The supporting cast is terrific as well. Brie Larson is a great Helen, conflicted and resentful, but astute. She's determined to tell her father what he is, although a bit disappointed to find that he's already well aware. Anne Heche and Cynthia Nixon both perform well, for the small amount of screen time they have. We get their disgust and boredom both at the same time. Robin Wright's performance is great and I think a good mirror for Dave. In her own way, she's as volatile as he is, although her position is safer as it keeps her within the law. Sigourney Weaver is a good choice as the assistant D.A. She isn't impressed with Dave, but nonetheless can't help but be puzzled. She doesn't understand how a man like this can exist. He's like a Rubik's cube, although one that is damaging the department. Ben Foster puts in a good show as a homeless alcoholic, who Dave thinks to use, but later regrets. I enjoyed watching Ned Beatty also as the only character in the movie sleazier than Dave Brown. Beatty has a gift for these parts.

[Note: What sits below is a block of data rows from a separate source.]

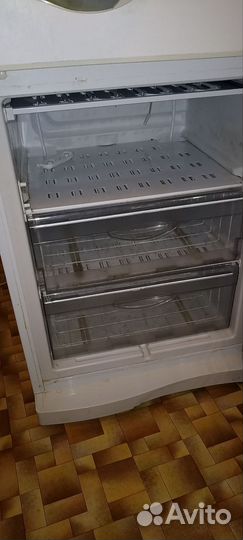 Холодильник атлант двухкамерный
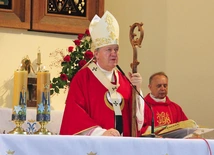 Abp Kupny podziękował ojcom jezuitom, którzy przy al. Pracy są strażnikami kultu maryjnego.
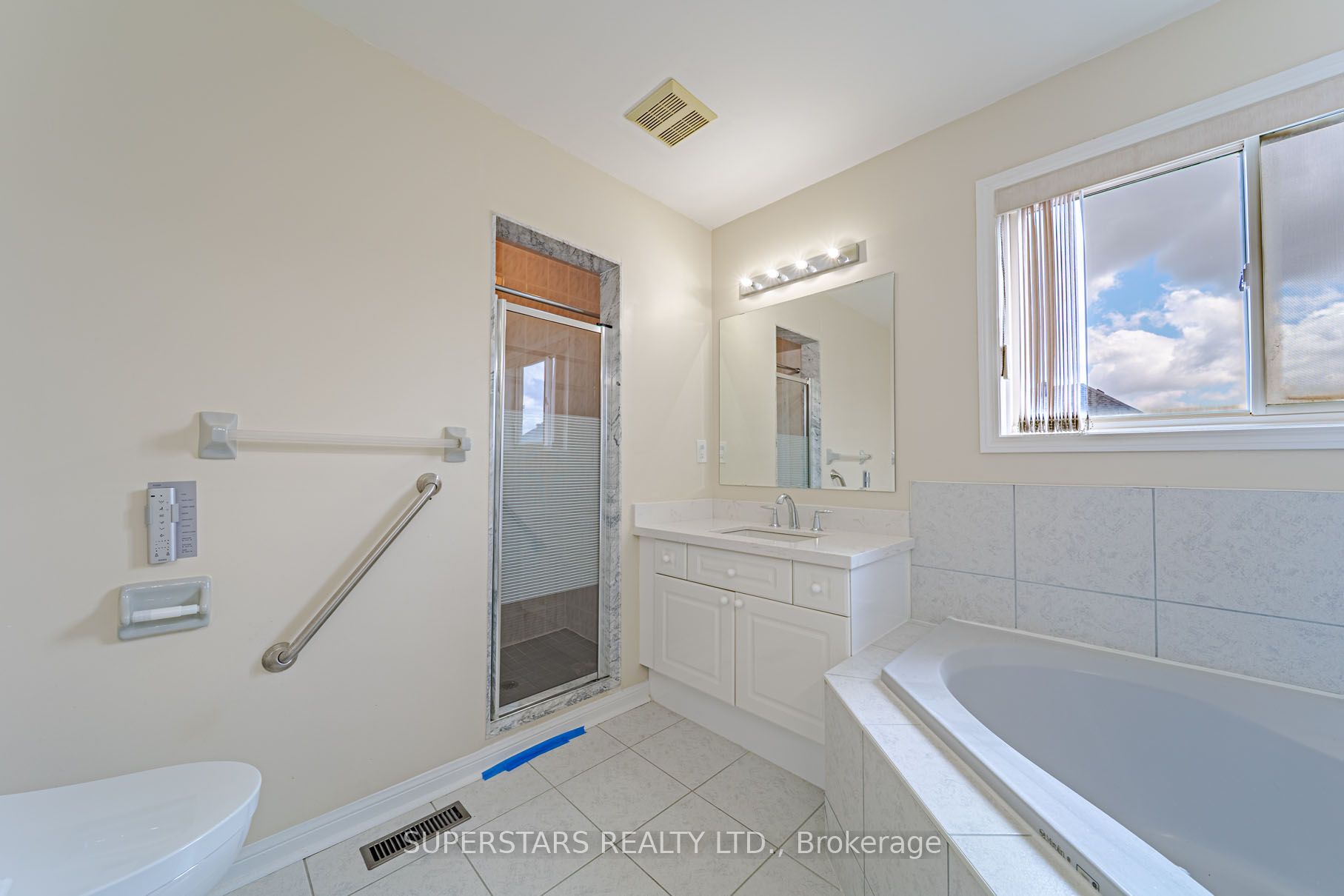 45 Tower Bridge Crescent Property Photo 26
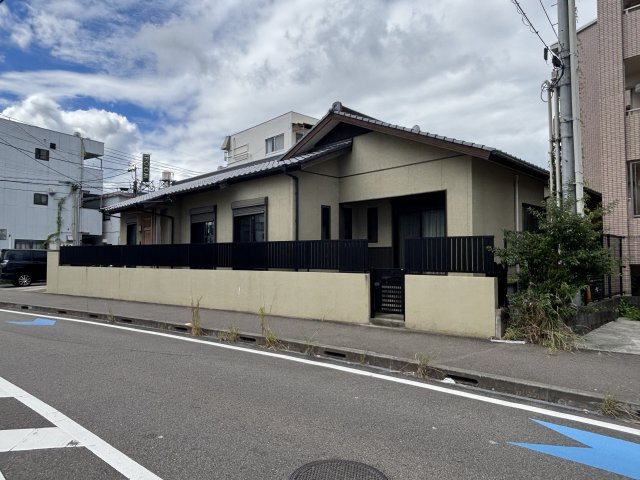 北高松町　中古戸建の外観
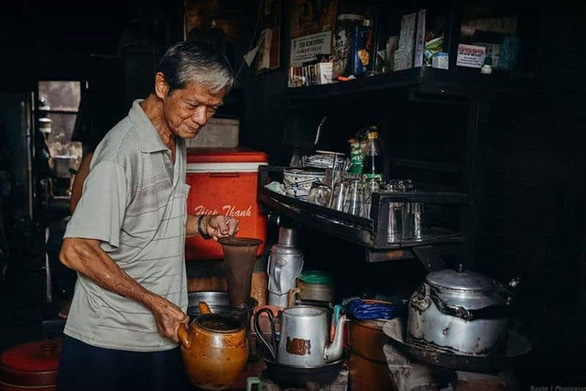 Cà phê vợt: Có nơi ở Sài Gòn gì cũng từ từ - Ảnh 1.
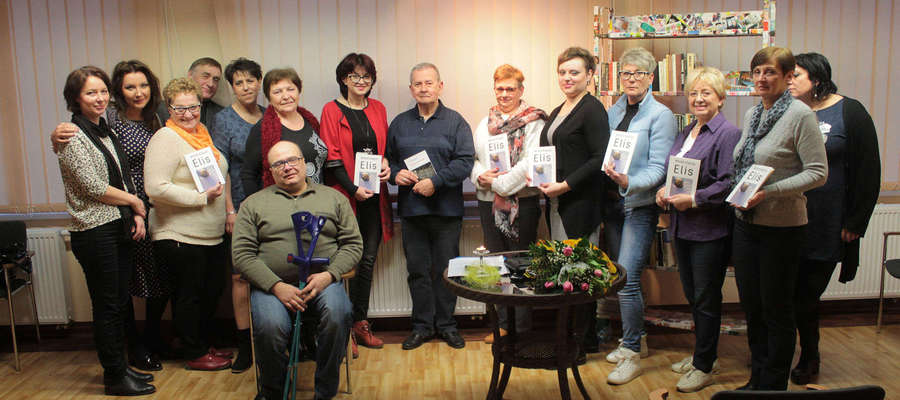 Uczestnicy spotkania (nie wszyscy) z Witoldem Kiejrysem na pamiatkowym zdjęciu.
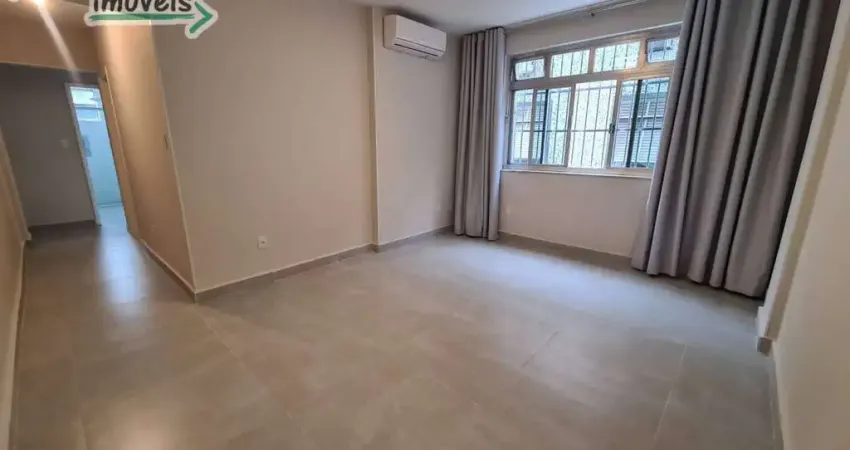 Apartamento à de 2 quartos , 83m², todo reformado, localizado no bairro Embaré - Santos/SP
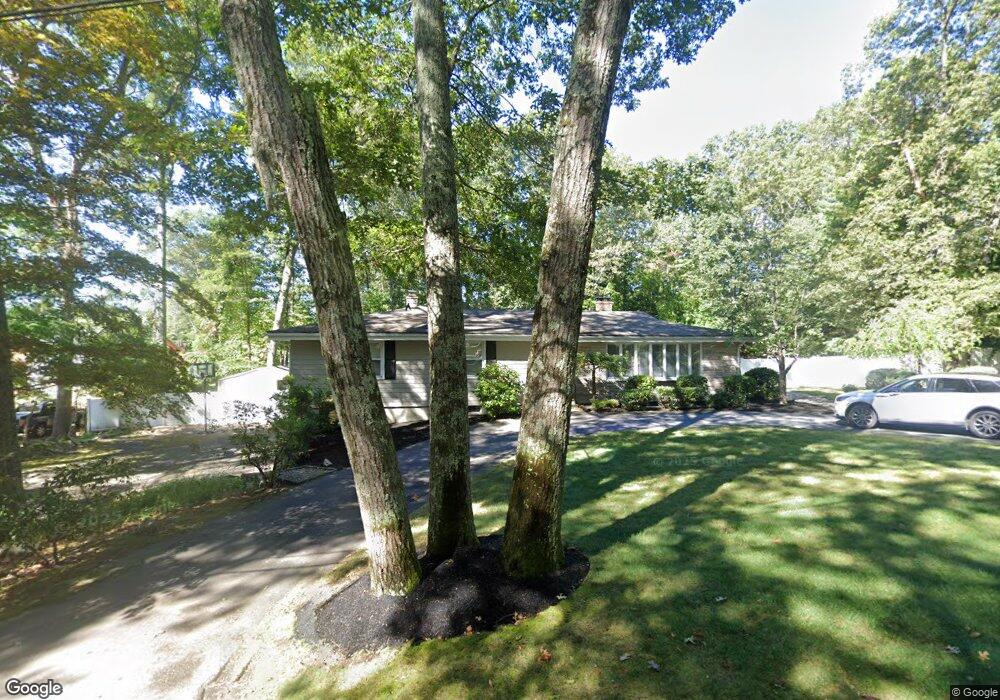 17 Maplecrest Dr, Greenville, RI 02828 - photo 1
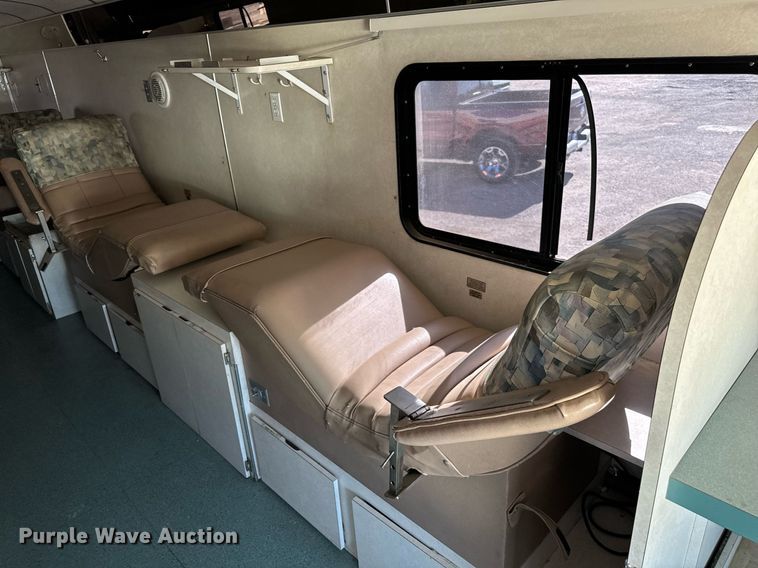 image for item NA9787 2005 Blue Bird blood donation bus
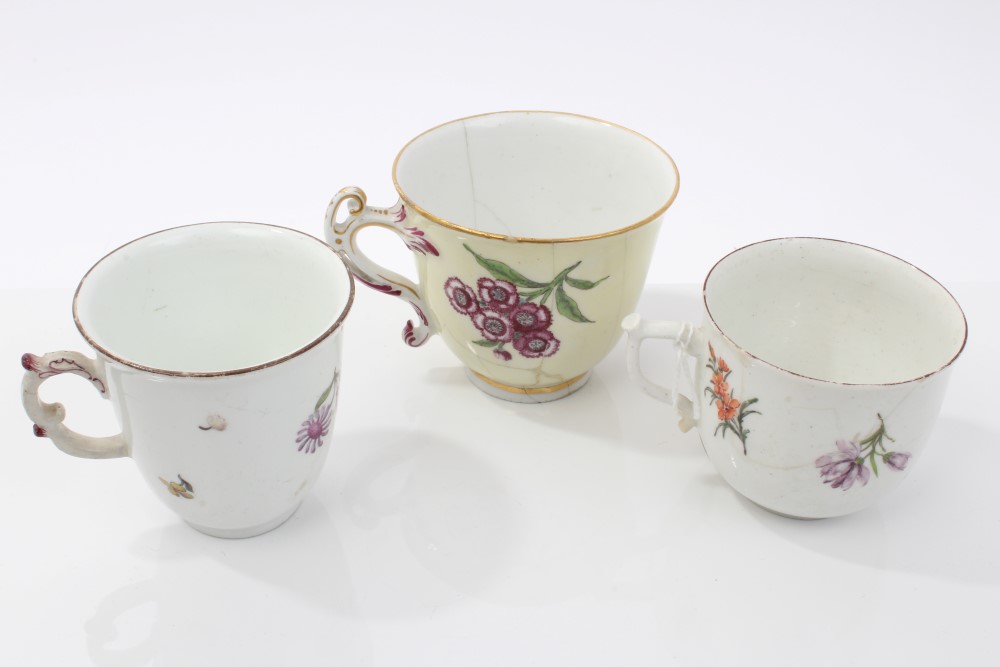 Three 18th century Chelsea Derby polychrome coffee cups with finely painted floral sprays - Image 2 of 9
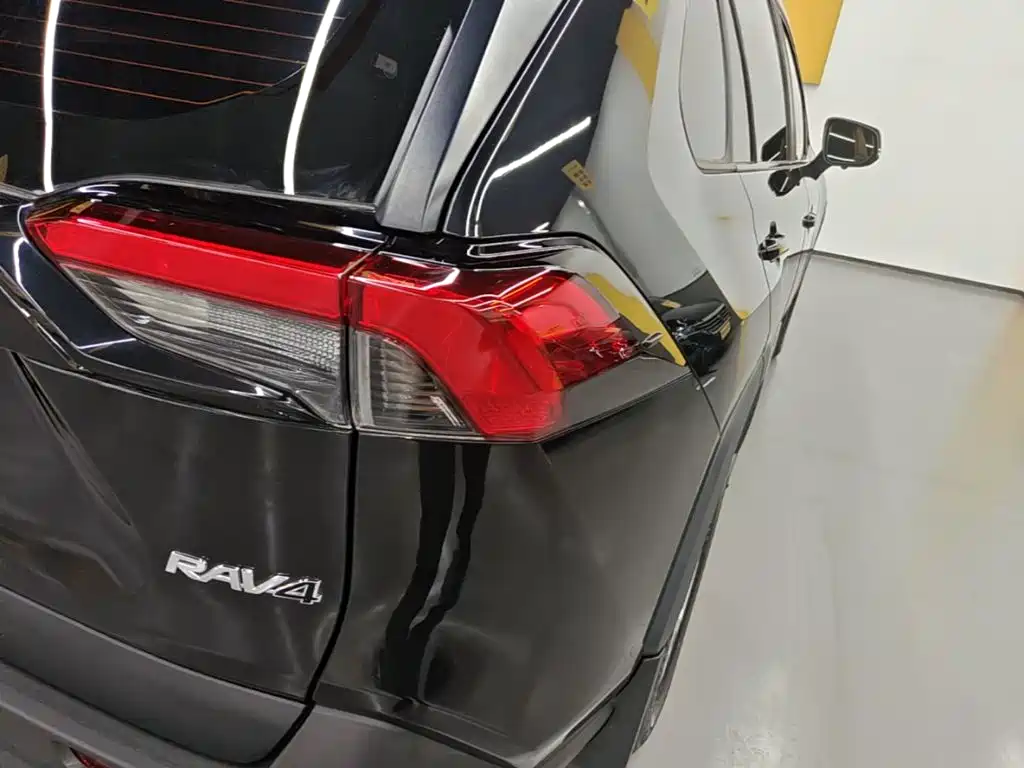 Toyota RAV4 — миниатюра 8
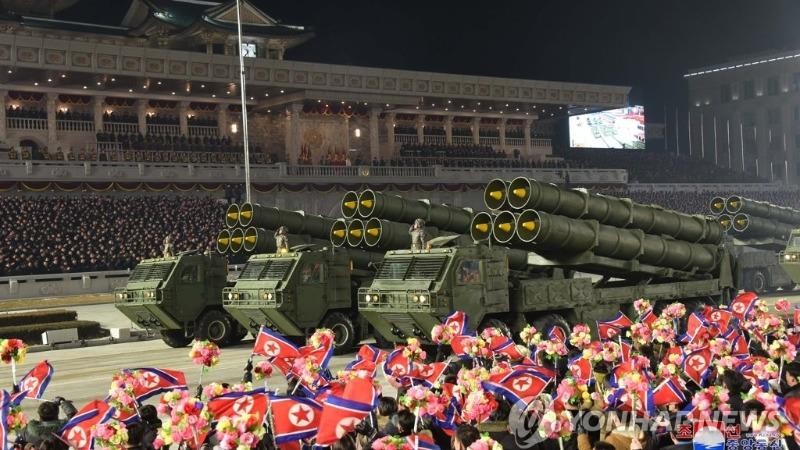 Hình ảnh lễ diễu binh của quân đội Triều Tiên. (Ảnh: KCNA)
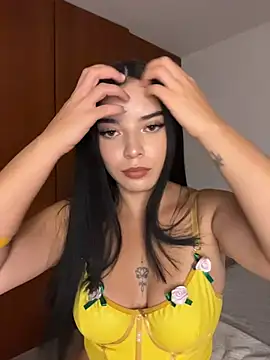 Snapshot of eileensophi chatting on 06/11/26, 02:44 eileensophi online show from 06/11/26, 02:44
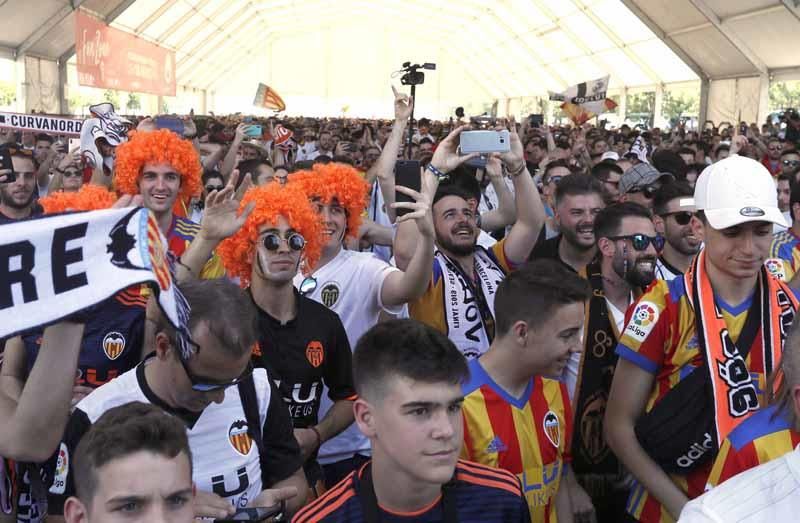 Fan zone del Valencia CF en Sevilla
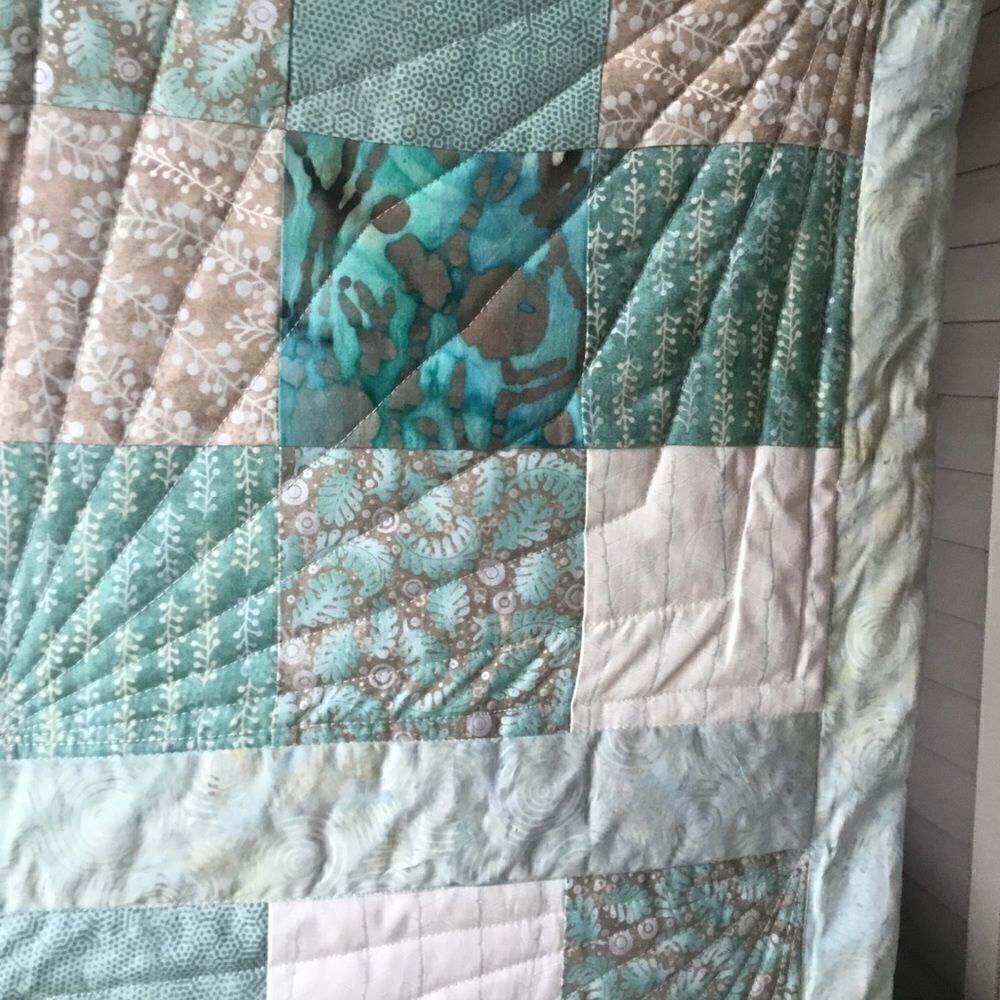 Handmade Quilt   - Picture 2 of 14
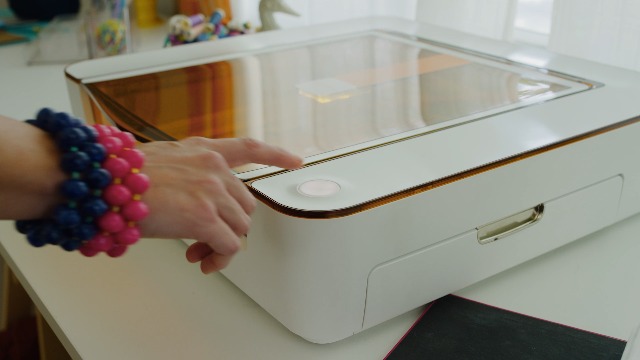【さじわら様】Glowforge レーザー彫刻機 本体 Amazon.com: Glowforge Aura Laser Engraver and Cutter, DIY Project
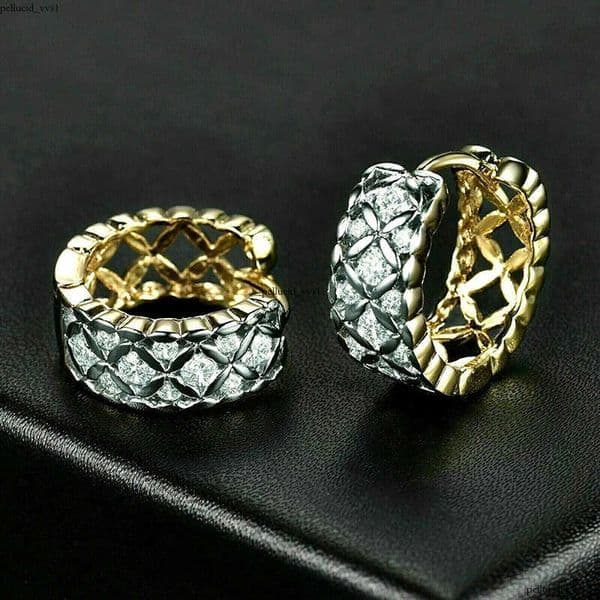 's best-selling electroplated two-tone for women geometric light luxury diamond-shaped jewelry French elegant hot-selling earrings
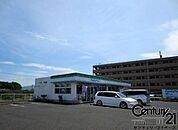ファミリーマート青翔高校前店まで1001m
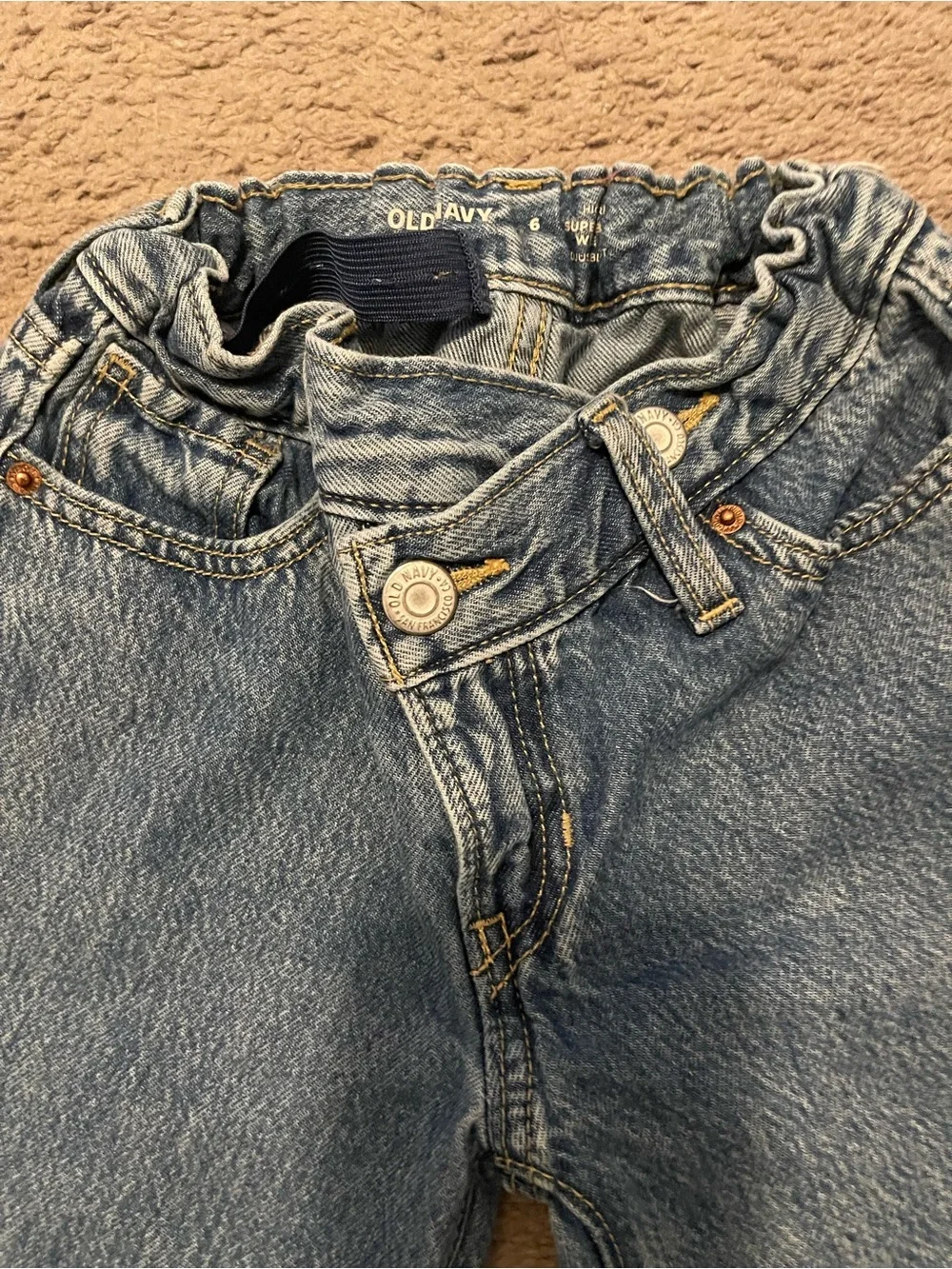 Girls size 6 Old Navy Washed Blue Wide-Leg Jeans with Star Patches Like new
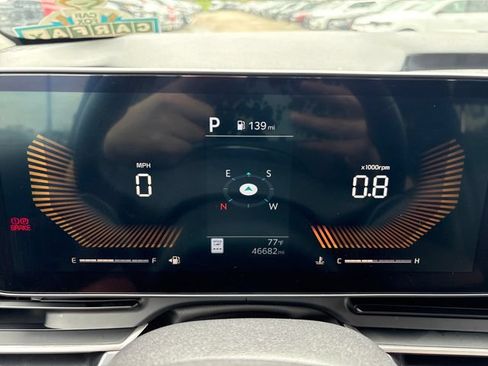 Used 2025 Kia Carnival FWD image 13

Moverman's direction is quite clear about our focus. Dave Brown is the movie, and we only see it as it relates to him. With James Ellroy and Moverman as writers, it's not surprising that the details presented are smart and serve the story. We're shown people as they act, everything already in motion. All of their troubles are not spelled out in so many words, but we can find their histories in how they talk and deal with each other. Dave Brown is a terror on the streets, but at home he's a guest at the dinner table. His oldest daughter get angry when Dave pats her hair. "Don't touch me," she says "Say something." We see the look on his youngest daughter's face, finally seeing what her father is, and it says much more than when she turns to her sister and tells her they should go. In Dave himself we can see the whole story, and wherever it ends in the film, anyone can figure out that Dave's story doesn't end well. When Dave and Linda Fentress engage, we don't know where it will go this time, but that both will regret it and likely do it again. We also know everything is not on the table, but we fill it in with what happens next.